Is process improvement relevant at all?

There is more to good management than improving CMM.


Power

Every time a piece of software is installed someone gains and someone loses power. We need the cooperation of the losers, and we are in the middle.

Show stopper

What happens if you write the spec so someone loses. That is why the spec ends up wishy washy. At that point we blame the writer for being a bad writer.

We can't build wishy washy code so programmers have to deal with conflict resolution.

Vague specs identify conflicts.


An interesting point that Tom made was the inadequate learning environment that exists for managers on the job. He used, as an example the half days training a new manger receives on MicroSoft Project. Mangers are taught the mechanics of managing; Budget mechanics, Schedule mechanics, Task coordination, Reporting, etc. Nothing to tell you how to do these things. Management Training focuses on the easy stuff, when the hard skills are the only ones that matter.

It is unusual to have a peer support system for managers as exists for developers. He gave an example of a TeamManagement? ( ManagementTeam ) approach which created this support system, among other interesting attributes. Could team management be the practice that facilitates the scaling of XP to 100 developers? I think its a great place to start.

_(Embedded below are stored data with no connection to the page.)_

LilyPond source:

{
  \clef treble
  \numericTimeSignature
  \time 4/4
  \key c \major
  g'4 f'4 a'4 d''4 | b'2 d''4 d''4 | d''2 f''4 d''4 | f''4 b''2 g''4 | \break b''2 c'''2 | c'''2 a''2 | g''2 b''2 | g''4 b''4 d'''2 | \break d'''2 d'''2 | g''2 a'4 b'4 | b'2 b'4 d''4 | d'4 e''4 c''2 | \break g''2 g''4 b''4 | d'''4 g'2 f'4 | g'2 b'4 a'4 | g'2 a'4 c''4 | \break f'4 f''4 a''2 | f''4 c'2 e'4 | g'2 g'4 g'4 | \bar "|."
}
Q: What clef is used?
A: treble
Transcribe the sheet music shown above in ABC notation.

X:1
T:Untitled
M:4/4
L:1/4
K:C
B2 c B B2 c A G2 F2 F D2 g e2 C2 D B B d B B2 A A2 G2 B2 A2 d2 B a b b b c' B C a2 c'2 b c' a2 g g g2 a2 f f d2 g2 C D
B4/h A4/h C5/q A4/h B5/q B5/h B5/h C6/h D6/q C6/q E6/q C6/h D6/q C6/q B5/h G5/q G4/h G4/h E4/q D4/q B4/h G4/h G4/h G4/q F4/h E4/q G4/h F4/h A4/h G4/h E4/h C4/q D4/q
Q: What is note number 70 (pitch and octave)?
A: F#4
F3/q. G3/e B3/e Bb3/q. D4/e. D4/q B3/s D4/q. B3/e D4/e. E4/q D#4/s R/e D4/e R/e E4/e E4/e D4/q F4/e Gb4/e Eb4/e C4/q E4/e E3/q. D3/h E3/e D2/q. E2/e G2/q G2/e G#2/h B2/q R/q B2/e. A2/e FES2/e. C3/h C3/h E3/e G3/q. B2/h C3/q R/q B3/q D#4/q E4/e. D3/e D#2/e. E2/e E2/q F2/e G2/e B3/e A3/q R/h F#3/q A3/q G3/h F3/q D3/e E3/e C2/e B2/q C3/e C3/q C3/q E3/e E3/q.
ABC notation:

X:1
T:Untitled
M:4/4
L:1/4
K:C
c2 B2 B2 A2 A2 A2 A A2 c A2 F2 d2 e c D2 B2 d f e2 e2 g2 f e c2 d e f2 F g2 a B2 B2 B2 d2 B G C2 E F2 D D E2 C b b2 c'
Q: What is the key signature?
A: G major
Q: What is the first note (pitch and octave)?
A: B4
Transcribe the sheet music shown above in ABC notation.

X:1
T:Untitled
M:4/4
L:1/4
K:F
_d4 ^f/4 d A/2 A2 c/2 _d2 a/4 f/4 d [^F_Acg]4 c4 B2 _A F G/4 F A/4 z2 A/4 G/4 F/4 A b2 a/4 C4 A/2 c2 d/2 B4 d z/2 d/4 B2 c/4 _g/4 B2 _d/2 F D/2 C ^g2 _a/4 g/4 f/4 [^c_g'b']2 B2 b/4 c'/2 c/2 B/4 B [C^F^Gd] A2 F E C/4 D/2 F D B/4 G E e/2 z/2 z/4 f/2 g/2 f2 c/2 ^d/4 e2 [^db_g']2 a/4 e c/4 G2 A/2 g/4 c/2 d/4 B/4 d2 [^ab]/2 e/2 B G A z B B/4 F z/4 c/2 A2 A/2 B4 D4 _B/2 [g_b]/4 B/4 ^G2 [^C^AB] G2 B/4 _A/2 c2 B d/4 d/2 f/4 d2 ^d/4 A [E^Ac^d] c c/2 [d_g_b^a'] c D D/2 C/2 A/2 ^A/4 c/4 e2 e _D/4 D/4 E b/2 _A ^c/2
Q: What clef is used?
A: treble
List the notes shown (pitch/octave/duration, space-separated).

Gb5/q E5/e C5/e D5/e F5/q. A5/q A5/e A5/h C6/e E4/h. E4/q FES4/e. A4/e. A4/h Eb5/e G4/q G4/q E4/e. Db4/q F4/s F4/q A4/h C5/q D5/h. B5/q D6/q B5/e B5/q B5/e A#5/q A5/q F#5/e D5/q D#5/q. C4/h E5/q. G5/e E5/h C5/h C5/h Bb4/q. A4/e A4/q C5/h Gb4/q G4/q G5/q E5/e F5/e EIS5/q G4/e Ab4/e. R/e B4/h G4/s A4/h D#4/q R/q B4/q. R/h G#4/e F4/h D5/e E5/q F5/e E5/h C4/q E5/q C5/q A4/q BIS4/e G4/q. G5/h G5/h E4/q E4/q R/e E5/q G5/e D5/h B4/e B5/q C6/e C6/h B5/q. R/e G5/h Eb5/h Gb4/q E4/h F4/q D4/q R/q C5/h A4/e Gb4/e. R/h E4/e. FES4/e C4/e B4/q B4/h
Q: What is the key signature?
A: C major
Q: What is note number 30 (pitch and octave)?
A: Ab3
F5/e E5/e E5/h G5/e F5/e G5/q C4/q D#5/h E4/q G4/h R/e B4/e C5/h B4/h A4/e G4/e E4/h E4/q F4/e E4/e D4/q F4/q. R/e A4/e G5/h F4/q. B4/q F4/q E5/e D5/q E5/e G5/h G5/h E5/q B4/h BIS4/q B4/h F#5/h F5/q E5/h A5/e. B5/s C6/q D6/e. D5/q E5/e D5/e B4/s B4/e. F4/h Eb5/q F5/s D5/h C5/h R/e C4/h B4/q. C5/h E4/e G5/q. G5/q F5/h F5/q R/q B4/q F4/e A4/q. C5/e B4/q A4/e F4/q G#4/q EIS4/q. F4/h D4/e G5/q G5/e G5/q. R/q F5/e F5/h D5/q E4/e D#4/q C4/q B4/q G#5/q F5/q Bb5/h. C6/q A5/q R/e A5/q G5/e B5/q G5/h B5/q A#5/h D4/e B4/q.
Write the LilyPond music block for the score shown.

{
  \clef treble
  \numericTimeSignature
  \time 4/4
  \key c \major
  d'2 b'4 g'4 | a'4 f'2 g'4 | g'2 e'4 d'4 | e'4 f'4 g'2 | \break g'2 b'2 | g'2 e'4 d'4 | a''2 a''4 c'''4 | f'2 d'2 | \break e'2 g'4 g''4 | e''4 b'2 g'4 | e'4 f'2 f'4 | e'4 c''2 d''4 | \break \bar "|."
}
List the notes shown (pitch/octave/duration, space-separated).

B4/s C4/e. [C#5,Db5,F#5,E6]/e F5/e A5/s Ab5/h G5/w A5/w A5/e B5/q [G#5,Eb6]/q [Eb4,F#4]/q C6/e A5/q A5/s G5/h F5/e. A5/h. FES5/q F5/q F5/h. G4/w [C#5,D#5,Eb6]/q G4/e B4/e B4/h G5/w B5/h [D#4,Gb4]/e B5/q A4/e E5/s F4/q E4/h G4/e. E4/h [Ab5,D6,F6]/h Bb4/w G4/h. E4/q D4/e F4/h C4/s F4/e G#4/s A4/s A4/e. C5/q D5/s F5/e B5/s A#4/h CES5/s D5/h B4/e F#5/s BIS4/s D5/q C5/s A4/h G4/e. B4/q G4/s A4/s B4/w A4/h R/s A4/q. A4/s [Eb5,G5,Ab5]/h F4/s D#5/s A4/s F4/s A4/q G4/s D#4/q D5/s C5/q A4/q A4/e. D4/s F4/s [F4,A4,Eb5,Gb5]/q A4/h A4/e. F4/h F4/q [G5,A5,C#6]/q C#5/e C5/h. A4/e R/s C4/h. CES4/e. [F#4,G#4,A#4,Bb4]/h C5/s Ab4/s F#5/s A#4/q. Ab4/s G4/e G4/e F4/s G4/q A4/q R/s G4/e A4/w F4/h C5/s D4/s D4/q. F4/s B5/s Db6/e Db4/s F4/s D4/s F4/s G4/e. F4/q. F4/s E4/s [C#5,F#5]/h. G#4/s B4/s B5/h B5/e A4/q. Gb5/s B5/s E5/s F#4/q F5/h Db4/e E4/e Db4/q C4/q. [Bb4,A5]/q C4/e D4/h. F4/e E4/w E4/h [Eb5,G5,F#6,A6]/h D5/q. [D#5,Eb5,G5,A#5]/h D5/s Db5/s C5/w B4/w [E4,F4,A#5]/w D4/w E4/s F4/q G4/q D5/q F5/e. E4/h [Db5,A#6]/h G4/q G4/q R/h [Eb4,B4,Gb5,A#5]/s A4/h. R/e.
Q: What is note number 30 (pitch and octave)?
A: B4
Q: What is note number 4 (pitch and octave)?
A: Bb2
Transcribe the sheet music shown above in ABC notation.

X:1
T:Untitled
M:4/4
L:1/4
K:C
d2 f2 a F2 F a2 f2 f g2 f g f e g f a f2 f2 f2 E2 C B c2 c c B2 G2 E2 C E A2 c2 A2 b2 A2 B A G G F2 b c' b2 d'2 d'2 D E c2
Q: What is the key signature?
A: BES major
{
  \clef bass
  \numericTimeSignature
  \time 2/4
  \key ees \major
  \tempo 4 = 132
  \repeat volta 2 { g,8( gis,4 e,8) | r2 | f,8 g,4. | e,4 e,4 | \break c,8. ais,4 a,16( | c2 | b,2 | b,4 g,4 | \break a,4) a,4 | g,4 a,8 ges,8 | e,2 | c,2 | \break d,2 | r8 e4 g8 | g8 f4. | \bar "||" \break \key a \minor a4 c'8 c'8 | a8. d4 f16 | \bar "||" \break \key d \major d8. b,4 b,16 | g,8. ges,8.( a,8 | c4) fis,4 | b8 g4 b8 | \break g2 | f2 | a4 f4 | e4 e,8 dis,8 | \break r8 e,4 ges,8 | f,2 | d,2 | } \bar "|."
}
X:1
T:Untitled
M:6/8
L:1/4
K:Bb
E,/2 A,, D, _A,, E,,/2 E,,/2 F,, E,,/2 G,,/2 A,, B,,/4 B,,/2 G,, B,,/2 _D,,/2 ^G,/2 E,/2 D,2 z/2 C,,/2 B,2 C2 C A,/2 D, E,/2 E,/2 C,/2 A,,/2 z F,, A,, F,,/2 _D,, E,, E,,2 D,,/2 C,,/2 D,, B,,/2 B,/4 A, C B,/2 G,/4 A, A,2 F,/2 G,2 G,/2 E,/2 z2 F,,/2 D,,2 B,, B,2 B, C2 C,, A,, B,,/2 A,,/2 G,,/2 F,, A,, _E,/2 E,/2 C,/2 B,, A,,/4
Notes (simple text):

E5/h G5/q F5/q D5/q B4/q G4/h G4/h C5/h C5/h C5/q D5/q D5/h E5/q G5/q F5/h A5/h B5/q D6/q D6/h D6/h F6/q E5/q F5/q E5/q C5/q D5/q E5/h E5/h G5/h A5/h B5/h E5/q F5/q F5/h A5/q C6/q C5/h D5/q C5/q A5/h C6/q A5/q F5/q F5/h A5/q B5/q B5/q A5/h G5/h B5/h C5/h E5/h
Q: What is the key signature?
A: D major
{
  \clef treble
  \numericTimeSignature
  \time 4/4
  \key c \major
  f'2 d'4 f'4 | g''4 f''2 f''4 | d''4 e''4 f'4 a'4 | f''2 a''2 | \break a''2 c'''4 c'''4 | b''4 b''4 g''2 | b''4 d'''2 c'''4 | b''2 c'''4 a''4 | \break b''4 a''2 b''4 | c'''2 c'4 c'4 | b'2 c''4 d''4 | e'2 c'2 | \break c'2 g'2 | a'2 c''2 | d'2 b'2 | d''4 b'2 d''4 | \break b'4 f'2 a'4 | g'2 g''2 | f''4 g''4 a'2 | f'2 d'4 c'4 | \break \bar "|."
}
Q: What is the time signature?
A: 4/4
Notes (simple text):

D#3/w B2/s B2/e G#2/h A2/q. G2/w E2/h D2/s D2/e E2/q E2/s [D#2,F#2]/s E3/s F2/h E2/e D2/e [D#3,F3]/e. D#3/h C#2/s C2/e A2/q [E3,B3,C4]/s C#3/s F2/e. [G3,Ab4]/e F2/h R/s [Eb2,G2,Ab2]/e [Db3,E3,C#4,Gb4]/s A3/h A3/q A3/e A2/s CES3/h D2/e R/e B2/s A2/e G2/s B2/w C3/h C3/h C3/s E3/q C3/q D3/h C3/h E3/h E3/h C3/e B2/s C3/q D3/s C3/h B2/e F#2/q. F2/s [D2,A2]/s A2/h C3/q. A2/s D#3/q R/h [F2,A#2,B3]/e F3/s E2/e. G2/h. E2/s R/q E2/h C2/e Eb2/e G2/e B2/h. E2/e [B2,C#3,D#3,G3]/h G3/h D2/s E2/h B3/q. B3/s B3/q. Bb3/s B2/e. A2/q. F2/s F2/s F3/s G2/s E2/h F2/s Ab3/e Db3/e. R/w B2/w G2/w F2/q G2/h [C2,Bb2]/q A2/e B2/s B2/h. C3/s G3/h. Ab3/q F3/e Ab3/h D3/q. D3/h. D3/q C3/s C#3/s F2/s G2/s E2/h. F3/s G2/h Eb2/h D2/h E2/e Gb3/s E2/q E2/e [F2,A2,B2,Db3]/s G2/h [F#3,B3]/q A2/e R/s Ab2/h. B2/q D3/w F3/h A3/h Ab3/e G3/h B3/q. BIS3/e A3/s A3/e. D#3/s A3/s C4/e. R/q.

One of Tom's slides looked something like the drawing below (sorry for the Visio hack :-). As I recall it, he described hearing of a team with a management structure that was basically a binary tree. Given the apparent oddity of it, he met the team and found that in practice, the middle managers acted as a single team towards the developers. They communicated heavily, enjoyed peer support, and supported all of the developers on the project. It was only one slide of many, so there was not too much other detail given. There is more discussion about this at ExtremeManagement. -- LowellLindstrom


Management the Untaught Skills

On praising... make an I statement, don't be judgemental.

On trust... the common school of thought is that you gain trust by demonstrating trustworthiness, nope. Give trust in advance of demonstrating trustworthiness.

On listening... if you are having the same argument over and over, someone feels like someone is not listening.



I haven't heard Tom's talk but am very interested in it. I wonder if he's thinking along the lines of ExtremeManagement? -- PeterMerel

I doubt he was thinking about ExtremeManagement per se, but I believe that much of his emphasis of creating a better learning and support structure for software managers is consistent with what XP is trying to do for programmers. -- LowellLindstrom


On praising... make an I statement, don't be judgemental.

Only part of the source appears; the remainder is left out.